If you want a straight AWS "cloud" replacement, there aren't many options. OVH and LeaseWeb are the most likely candidates but don't come close to the breadth of offerings.
There's a very large and competitive market for dedicated servers and colocation though and depending on your load, it might be worth a look at switching to dedicated or leased infrastructure.
Owning the hardware is the only way to truly control your destiny as far as I'm concerned.
I would add Digital Ocean as a lower tier, they seem to have provisioning plugins for everything I use (mostly Vagrant) but I roll my own DNS and load balancing. Still US-based unfortunately.
One could always get a bit closer API-wise and go with a self-hosted Openstack cloud. It's a bit more involved than many folks care for, but if 'API-CRUDable VMs, networks, object storage, images' and similar are the goal, the market's pretty thin.
They require some form of government-issued ID so I provided them with a driving licence. I figured it wasn't a bad trade-off for a decent service. Germany seems to value data privacy much more than my own (Irish) government).
In the Netherlands, when businesses ask for such a thing, you are allowed to black out many non-required parts of the scan (this includes the photo), as well as paste a large watermark over the image. The watermark would contain the date and state the purpose of the scanned ID, to prevent re-use for anything else, if it were to be misplaced somehow.
I'm not sure how that works in Germany but I would sooner send a too-much-redacted scan and have them refuse and ask to see more of it, than send an actual complete scan of my ID to anyone but the government that issued it.
Not that governments are so good at not accidentally misplacing data. But it reduces the surface, at least.
Aren't the data centers technically owned by Amazon Ireland for compliance (cough tax) reasons? Amazon clearly state that data never moves out of the region.
This isn't yet decided. Microsoft and the DoJ are still arguing about this in the court system, which so far has ruled that the US government cannot compel Microsoft to release data it holds in Ireland. It's currently waiting for the DoJ to decide whether to take it to the Supreme Court: http://www.politico.com/blogs/under-the-radar/2017/01/micros...
Penalties for the US-based domestic entity to compel compliance of the off-shore entity would fall onto the domestic entity. The off-shore entity ALSO has to comply with whatever local regulatory regime they fall under.
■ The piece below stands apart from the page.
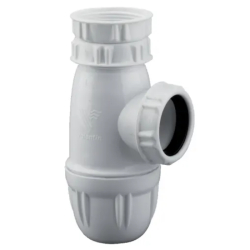 SIPHON PLASTIQUE A CULOT REGLABLE EVIER D40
Unlinking the two companies completely might satisfy what you appear to be angling for, but it would be, in essence, a potential competitor to Amazon at that point.
That sounds very dangerous. What would happen if Amazon simply had a 99% share, but 1% was held by another purely Irish company. Amazon might elect the board and the subsidiary might 'lease' intellectual property and capital from the parent company, but I don't see how you could argue it is subject to US law in any way.
Microsoft have gone as far with Azure in Germany to sign an agreement where T-Systems own the data and the systems and Microsoft are simply a contractor supplying a service to them.